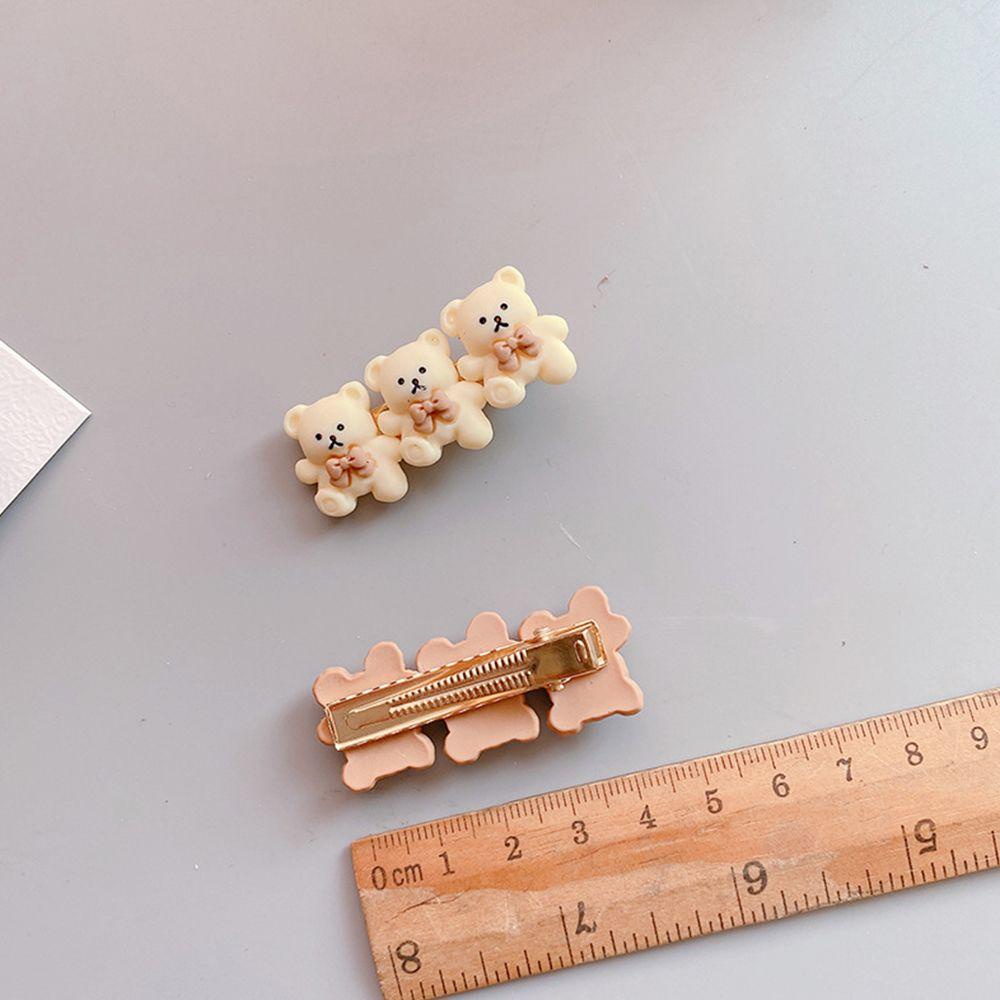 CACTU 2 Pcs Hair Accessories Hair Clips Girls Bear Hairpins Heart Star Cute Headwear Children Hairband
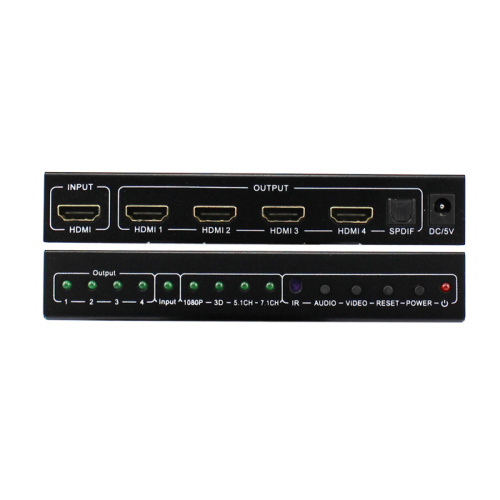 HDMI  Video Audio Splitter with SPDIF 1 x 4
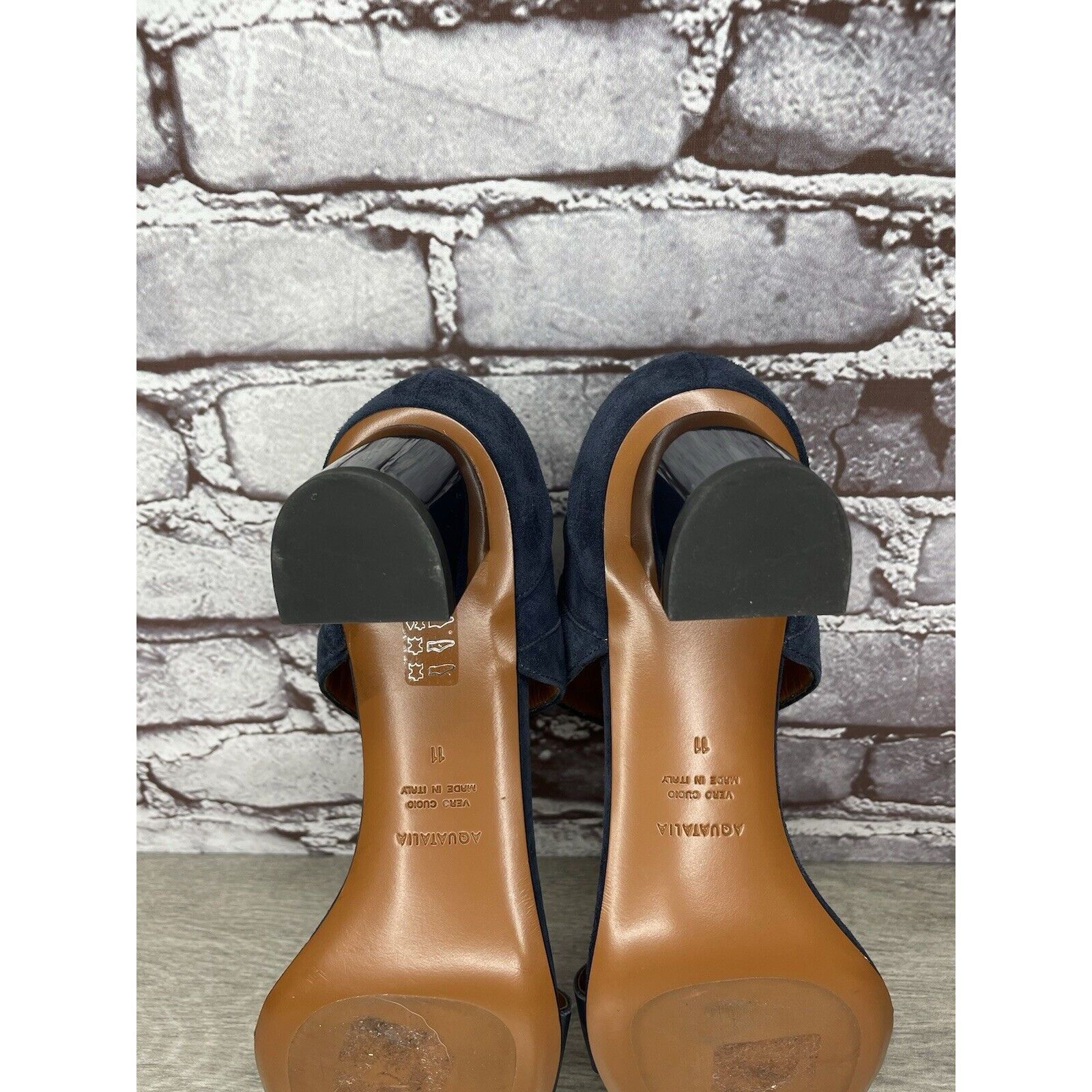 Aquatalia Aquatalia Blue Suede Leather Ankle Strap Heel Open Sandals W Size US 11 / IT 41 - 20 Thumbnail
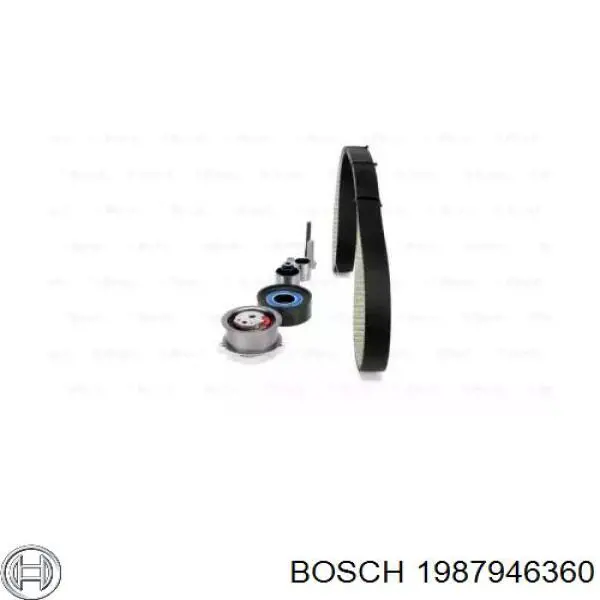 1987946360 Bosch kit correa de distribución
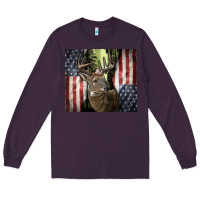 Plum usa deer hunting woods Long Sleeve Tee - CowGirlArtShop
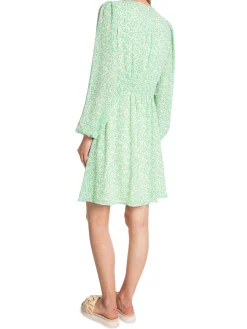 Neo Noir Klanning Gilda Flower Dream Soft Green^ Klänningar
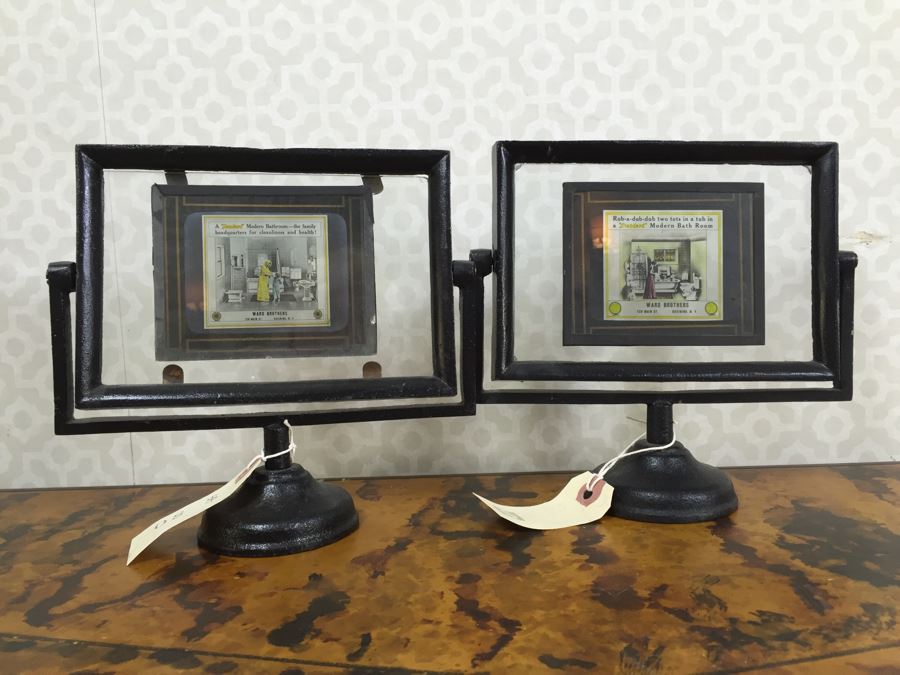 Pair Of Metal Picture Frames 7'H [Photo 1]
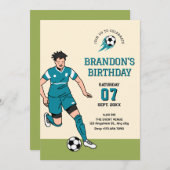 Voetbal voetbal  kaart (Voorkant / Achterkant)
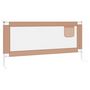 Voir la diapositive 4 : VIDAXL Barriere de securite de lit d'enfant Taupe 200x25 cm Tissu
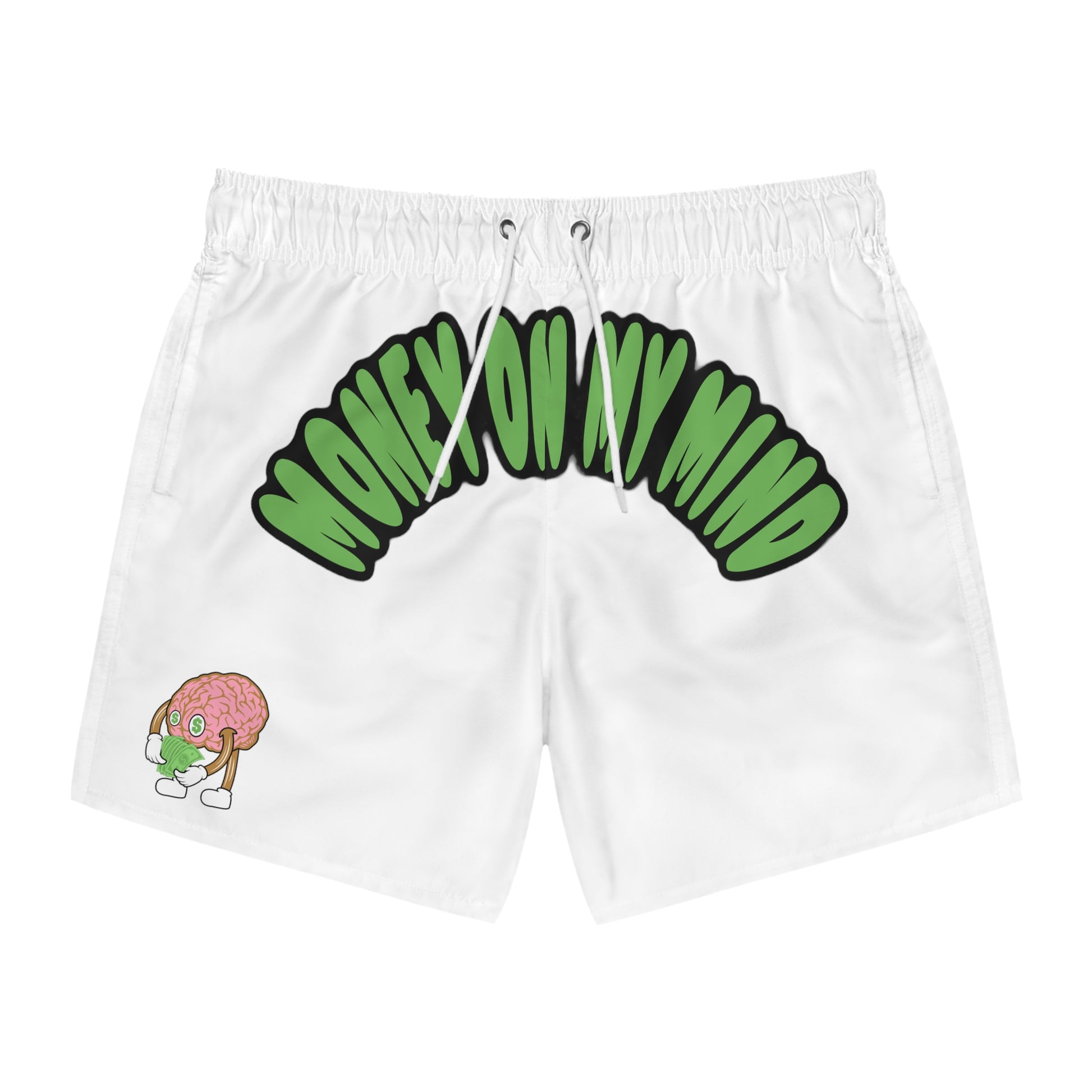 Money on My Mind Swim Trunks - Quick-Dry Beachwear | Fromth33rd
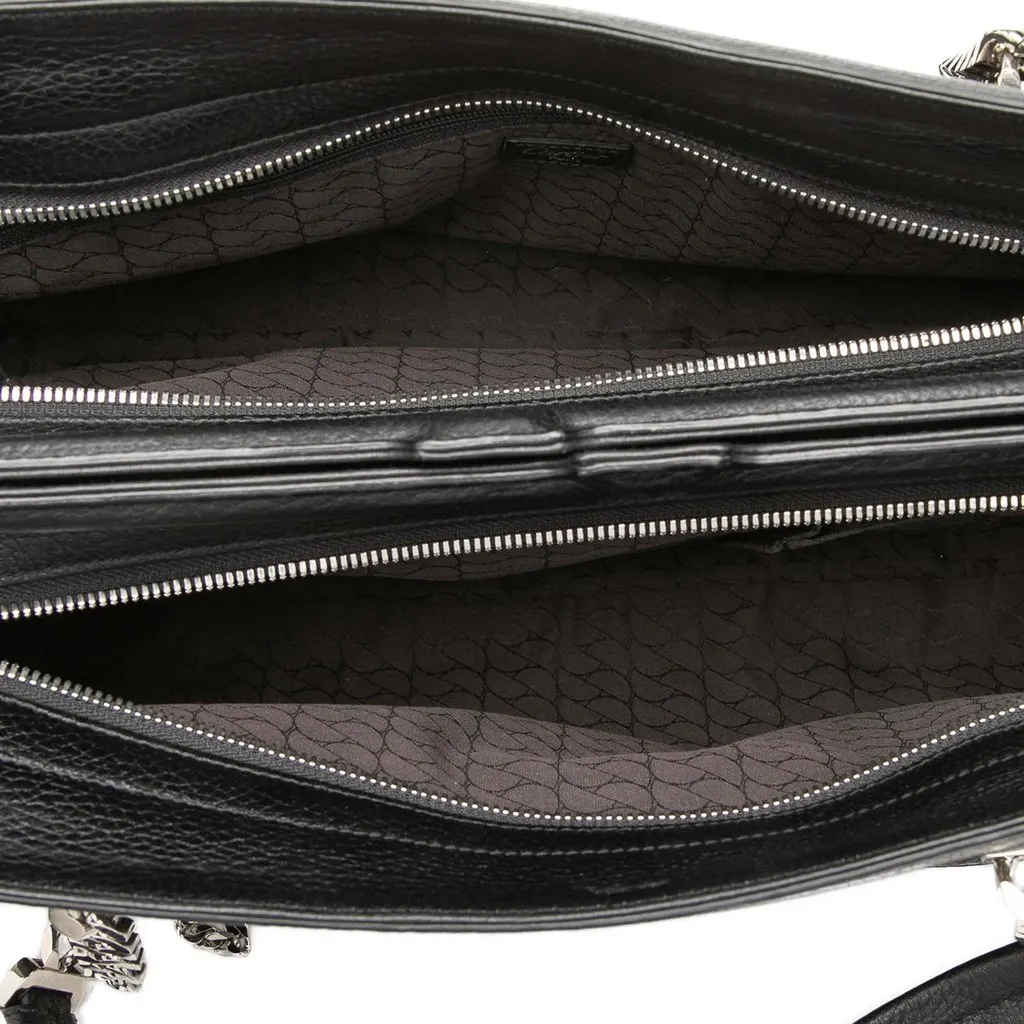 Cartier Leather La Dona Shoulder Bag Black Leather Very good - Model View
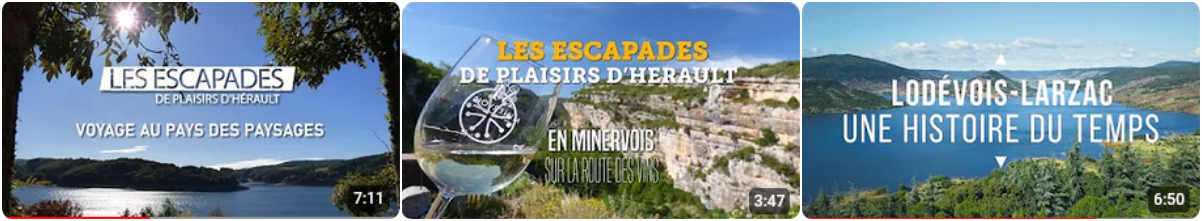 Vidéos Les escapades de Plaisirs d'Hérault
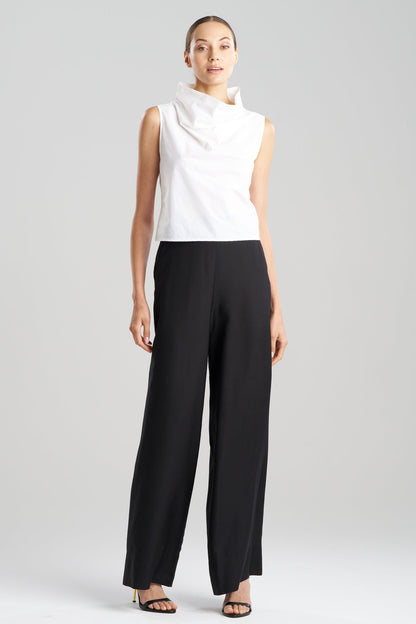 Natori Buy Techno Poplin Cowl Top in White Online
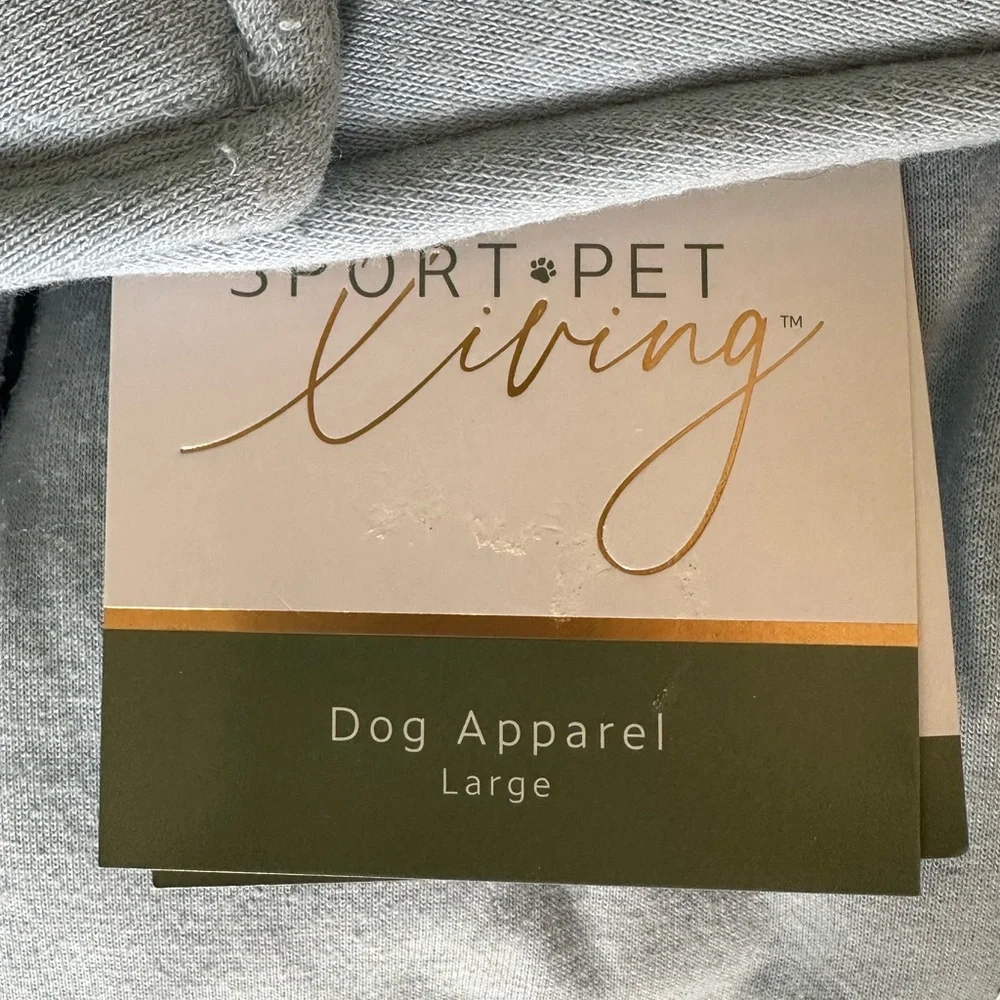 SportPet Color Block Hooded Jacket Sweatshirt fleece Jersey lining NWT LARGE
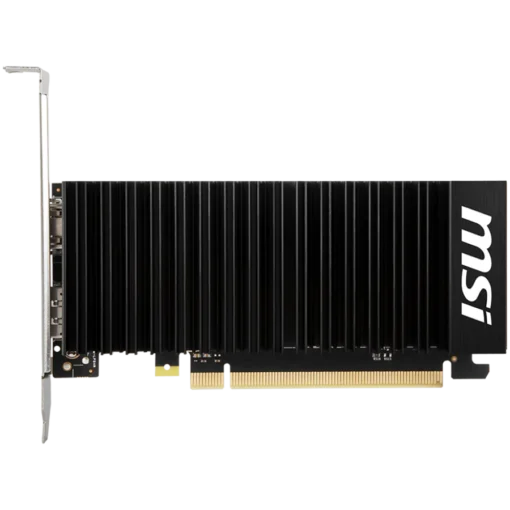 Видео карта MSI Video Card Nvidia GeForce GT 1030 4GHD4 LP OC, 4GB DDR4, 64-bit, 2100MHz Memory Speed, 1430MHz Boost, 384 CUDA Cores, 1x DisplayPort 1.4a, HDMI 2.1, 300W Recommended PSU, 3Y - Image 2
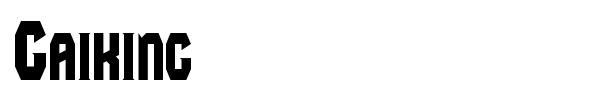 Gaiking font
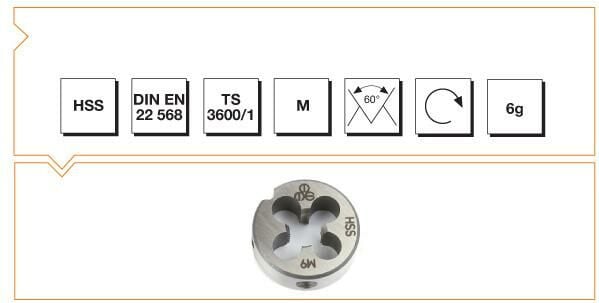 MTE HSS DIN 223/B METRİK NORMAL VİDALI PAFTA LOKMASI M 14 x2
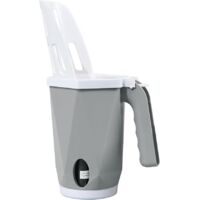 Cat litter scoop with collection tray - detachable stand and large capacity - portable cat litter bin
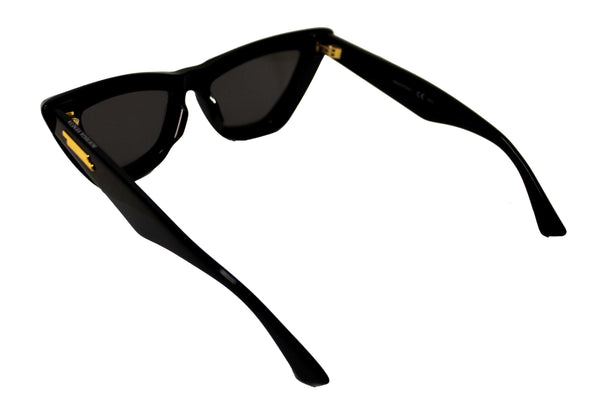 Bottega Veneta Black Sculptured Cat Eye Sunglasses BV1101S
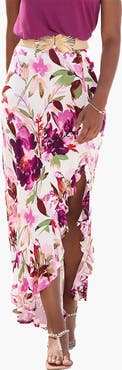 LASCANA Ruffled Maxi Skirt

= = = = =

WHAT TO WORK ON:
A word-for-word copy is needed, starting at the first line of the listing and ending with the line bearing "1987946360 Bosch kit correa de distribución". No pictures.

RESULT:
 CACTU 2 Pcs Hair Accessories Hair Clips Girls Bear Hairpins Heart Star Cute Headwear Children Hairband
 HDMI  Video Audio Splitter with SPDIF 1 x 4
 Aquatalia Aquatalia Blue Suede Leather Ankle Strap Heel Open Sandals W Size US 11 / IT 41 - 20 Thumbnail
 1987946360 Bosch kit correa de distribución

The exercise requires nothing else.